Table 1. Quantitative comparison using both Face++ and Qwen-VL evaluation protocols on CelebA-HQ and CelebA-HQ (in-the-wild) test dataset. We calculate the age accuracy, identity preservation, image quality and the Harmonic consistency score (HCS) to compare with existing face aging methods. Best results are marked in blue, and second-best in green
Figure 2 presents a visual comparison of face aging results betweenCradle2Cane and recent GAN- and diffusion-based baselines. Compared to other methods, our approach demonstrates more realistic aging transitions with consistent identity preservation across all age ranges. In contrast, prior methods often exhibit texture artifacts, age realism issues, or identity shifts, particularly at extreme ages. Our method, however, produces natural skin aging, hair graying, and structural changes, reflecting a superior modeling of facial aging patterns. These results emphasize the visual fidelity and robustness of our framework.

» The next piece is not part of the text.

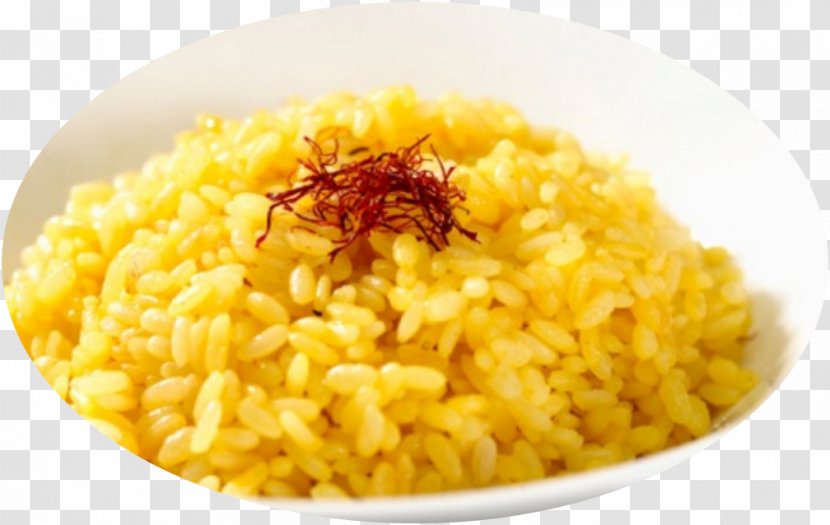 Risotto Alla Milanese Italian Cuisine Saffron Rice Transparent PNG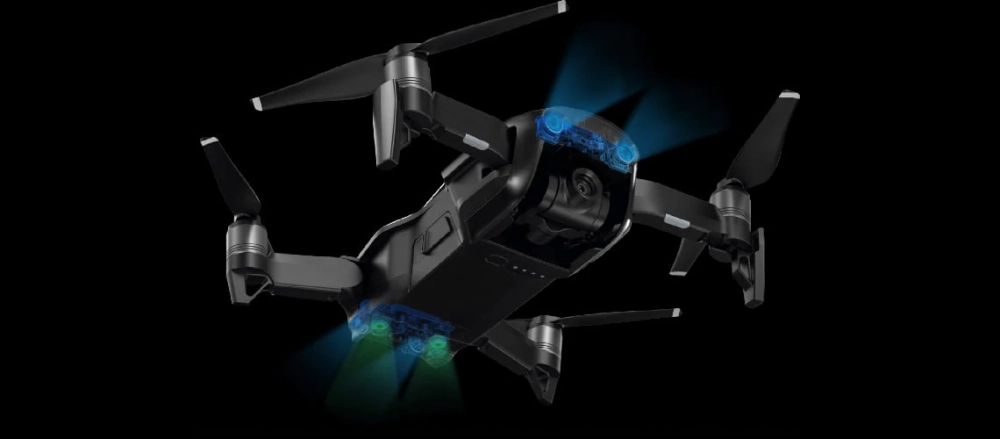 Квадрокоптер DJI Mavic Air, чёрный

Figure 2. Qualitative comparison with existing face aging methods across lifespan ages. Our methodCradle2Cane is even able to imitate the natural hair change while the previous methods cannot
In this work, we tackle the fundamental challenge of achieving both age accuracy and robust identity preservation in face aging—a problem we term the Age-ID trade-off. While existing methods often prioritize one objective at the expense of the other, our proposed framework, Cradle2Cane, introduces a two-pass framework that explicitly decouples these goals. By leveraging the flexibility of few-step text-to-image diffusion models, we introduce an adaptive noise injection (AdaNI) mechanism for fine-grained age control in the first pass, and reinforce identity consistency through dual identity-aware embeddings (IDEmb) in the second pass. Our method is trained end-to-end, enabling high-fidelity, controllable age transformation across the full lifespan, while significantly improving inference speed and visual realism. Extensive evaluations on CelebA-HQ confirm that Cradle2Cane achieves new state-of-the-art performance in terms of both age accuracy and identity preservation. In addition, Cradle2Cane demonstrates strong generalization to real-world scenarios by effectively handling in-the-wild human face images, a setting where existing methods often fail.